In support of its claim of legal error, OIR cites analogous case law holding that supervisors of elections lacked any real interest to confer standing to pursue others' “equal protection” claims against a ballot regulation, even though the supervisors alleged they would suffer the practical harm of disrupted elections. Sancho v. Smith, 830 So.2d 856, 863–64 (Fla. 1st DCA 2002) (stating that “[c]onstitutional rights are personal,” such that generally, “[a] party who is not adversely affected by a statute ․ has no standing to argue that the statute is invalid”). In another relevant decision, a hospital lacked standing to bring an “equal protection” challenge against a law making men, but not women, liable for their spouses' medical bills. Shands Teaching Hosp. & Clinics, Inc. v. Smith, 497 So.2d 644, 646 & n. 1 (Fla.1986). Although the hospital had an economic interest in collecting its debts and therefore sustained a practical harm, it lacked a sufficient interest in whether the law discriminated against men. Id.; Sancho, 830 So.2d at 863–64 & n. 2. Similarly, the alleged economic harm suffered by the Provider Plaintiffs in this case is an insufficient basis to assert others' potential access-to-courts claims.

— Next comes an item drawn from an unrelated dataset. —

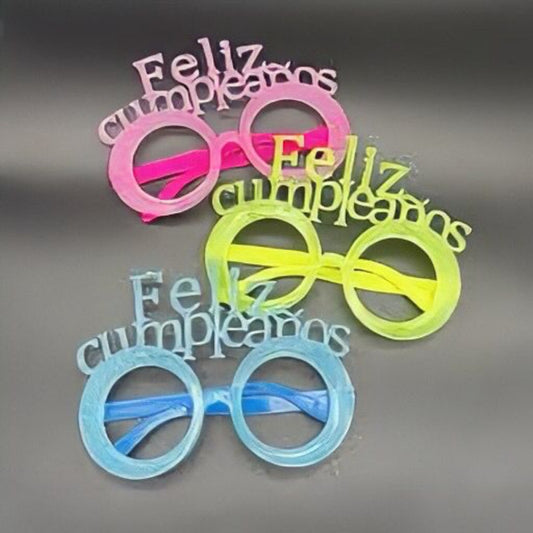 LENTES FELIZ CUMPLEAÑOS FLUORECENTE (3 Unid)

Without a showing of an actual denial of access to courts in a specific factual context, the Provider Plaintiffs lack standing to assert this claim.4 The real parties in interest—injured motorists whose ability to sue tortfeasors has been impermissibly limited—are absent from this case. The Provider Plaintiffs' attempt to bootstrap the standing requirement by joining the fictional “Jane Doe,” purporting to represent all Florida citizens that were, are, or will be injured as a result of a motor vehicle collision, must likewise fail. The instant record does not provide a factual context or legal basis to support this hypothetical claim.
Because Appellees made no colorable showing of standing to proceed on the access-to-courts claim, we reverse the order granting injunctive relief.
THOMAS, WETHERELL, and RAY, JJ., CONCUR.